* [EXERCISE BRIEF]: Copy the listing below exactly. Pictures stay out of it.

* [DATA EXTRACT]:
○ ○ ○ ○ ○ ○ ○
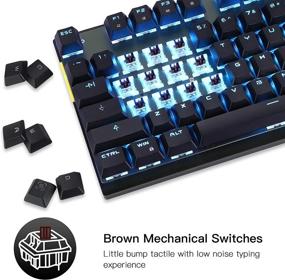 img 2 attached to MOTOSPEED Wireless Mechanical Keyboard Compatible PC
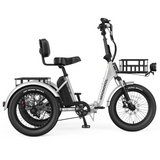TK Pro Electric Trike for Adults — 500W Motor | 72–120 KM Range | Low-Step 3-Wheel E-Bike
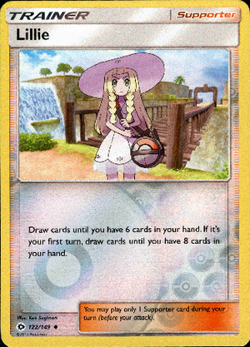 Lillie 122/149 Reverse Holo | Sun & Moon | Pokemon Card - Image 1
○ ○ ○ ○ ○ ○ ○
* [ANSWER SECTION]:
 img 2 attached to MOTOSPEED Wireless Mechanical Keyboard Compatible PC
TK Pro Electric Trike for Adults — 500W Motor | 72–120 KM Range | Low-Step 3-Wheel E-Bike
 Lillie 122/149 Reverse Holo | Sun & Moon | Pokemon Card - Image 1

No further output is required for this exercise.